# Your task:
Write the listing out again word for word, excluding any pictures.

# Collected material:
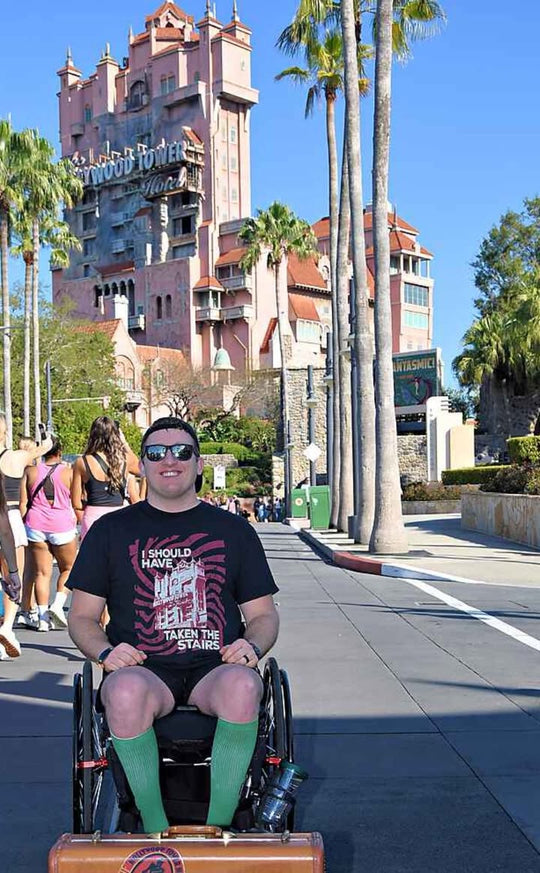 Man in a wheelchair wearing the Should Have Taken The Stairs Tee in Black in front of Tower of Terror on a sunny day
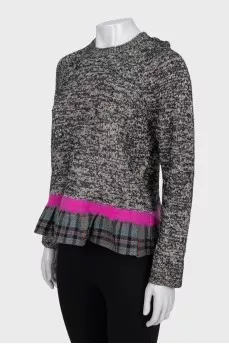 Grey jumper with a checked frill
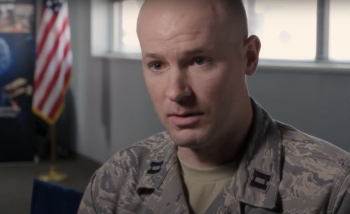 Man in military uniform looking at camera
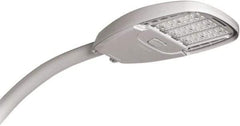 Philips - 108 Watt LED Roadway Light - Clear Polycarbonate Lens, Arm Mount & Bracket, 120 to 277 Volts, IP66 Ingress Protection, 23-1/2" Long x 4.38" High x 11" Wide - Industrial Tool & Supply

# Answer to this problem:
 Man in a wheelchair wearing the Should Have Taken The Stairs Tee in Black in front of Tower of Terror on a sunny day
 Grey jumper with a checked frill
 Man in military uniform looking at camera
 Philips - 108 Watt LED Roadway Light - Clear Polycarbonate Lens, Arm Mount & Bracket, 120 to 277 Volts, IP66 Ingress Protection, 23-1/2" Long x 4.38" High x 11" Wide - Industrial Tool & Supply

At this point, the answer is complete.